TASK GOAL:
Starting at the line that contains "Awkward pink hugging guy" and ending at the final line of the entries below, write out each line exactly as it appears, but omit the pictures.

[Start of Attachment]

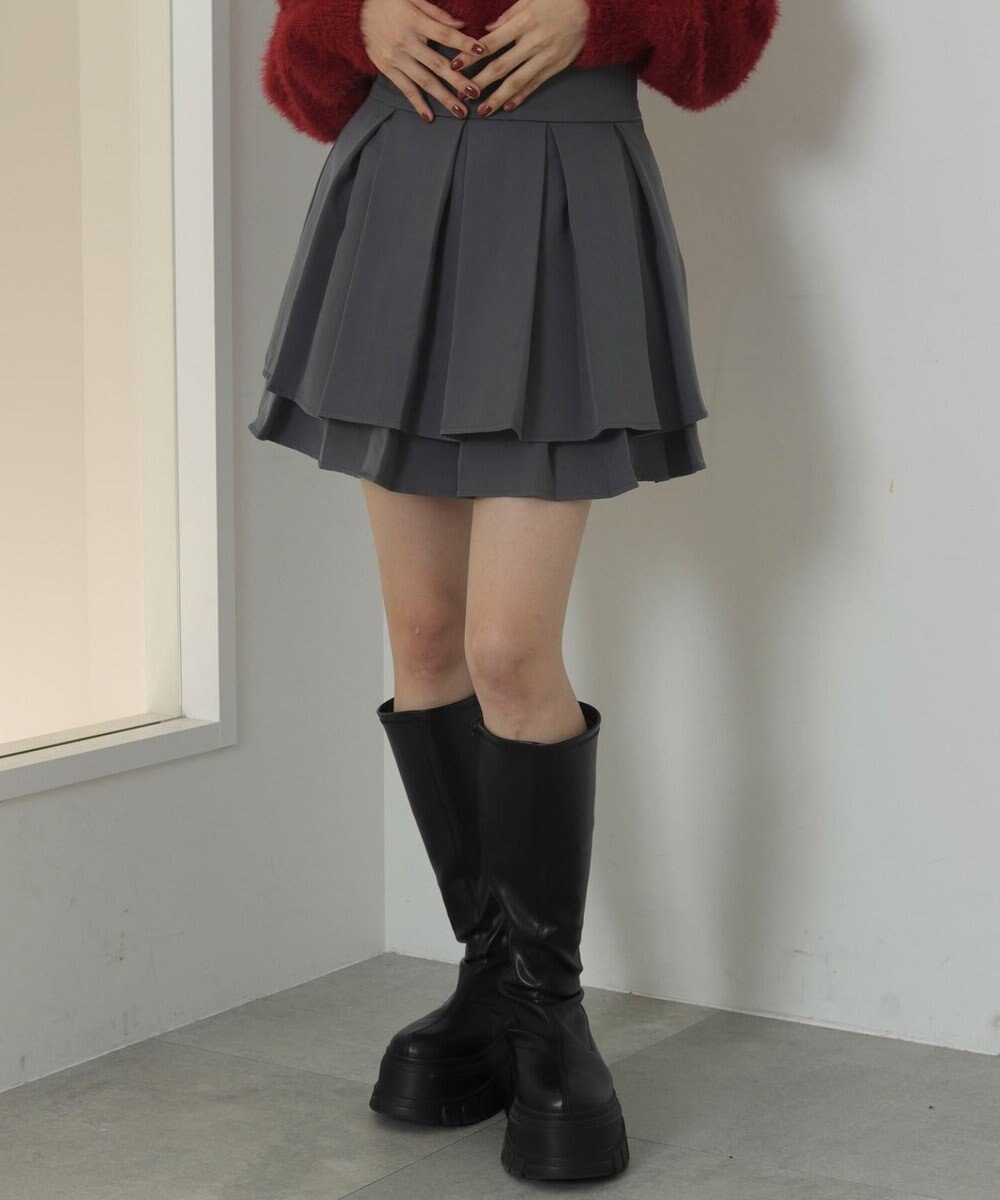 WEGO ハイウエスト2段プリーツスカパン 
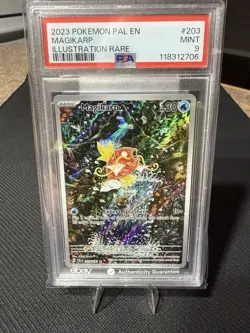 Pokemon TCG Magikarp 203/193 Paldea Evolved Illustration Rare Card PSA 9 MINT - Image 1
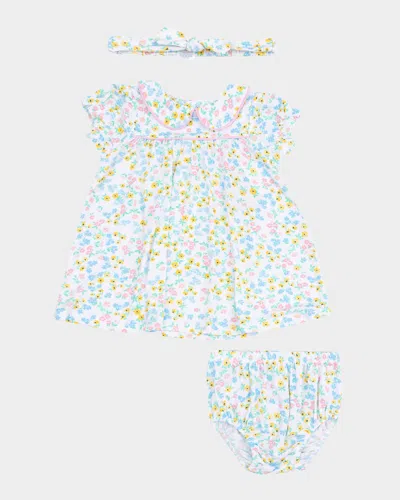Angel Dear Kids' Girl's Caroline's Calico Baby Doll Dress W/ Bloomers & Knot Headband In Multi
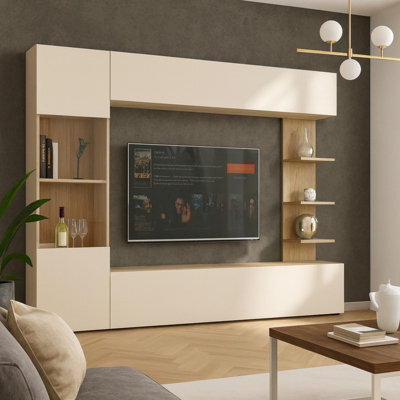Lazando Wall Unit For Living Room With Tv Space 160X116 Cm Cashmere And Cremona - image 1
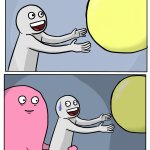 Awkward pink hugging guy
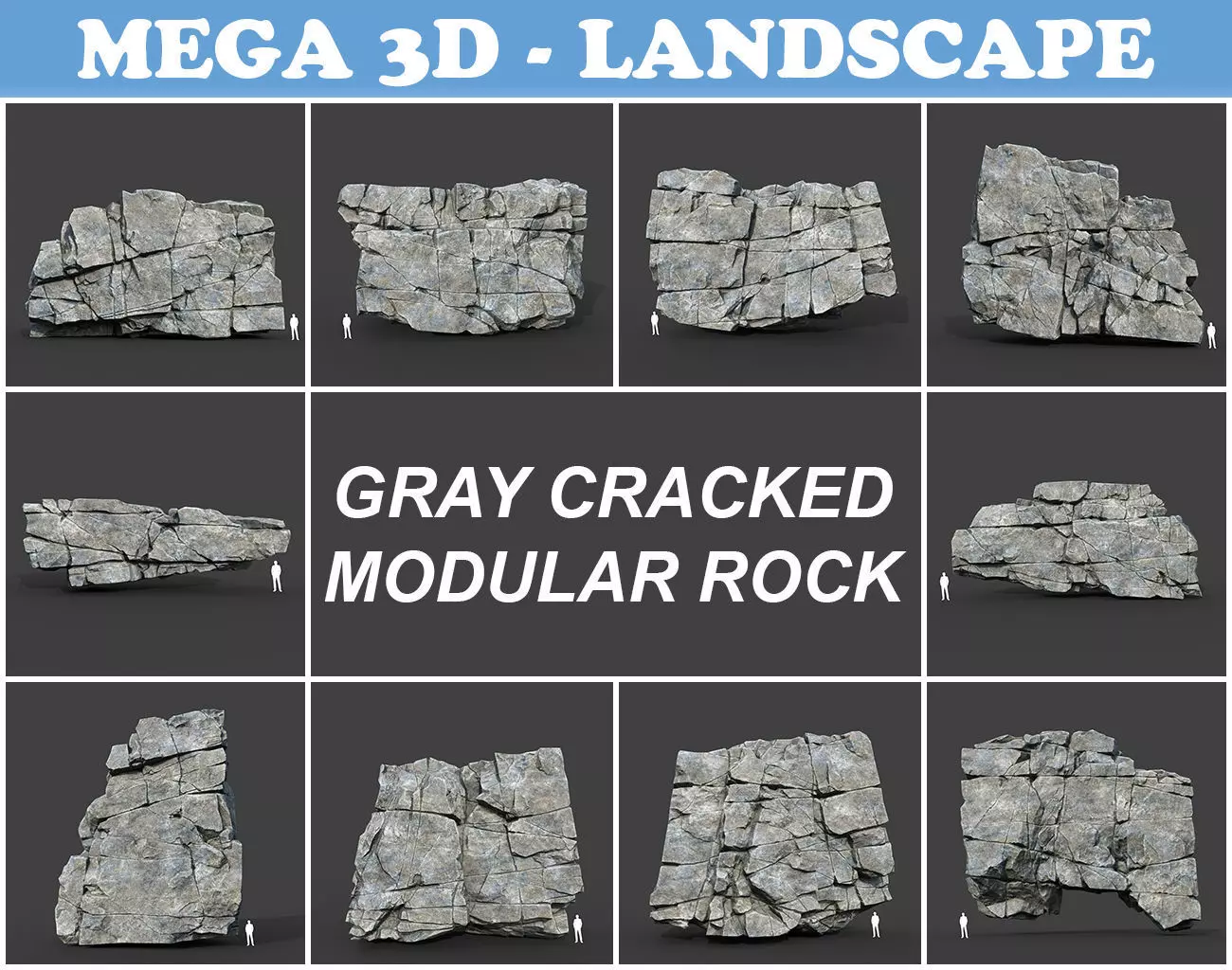 Low poly Gray Cracked Modular Rock 220106 Low-poly 3D model_0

[End of Attachment]

OUTPUT OF THE EXERCISE:
 Awkward pink hugging guy
 Low poly Gray Cracked Modular Rock 220106 Low-poly 3D model_0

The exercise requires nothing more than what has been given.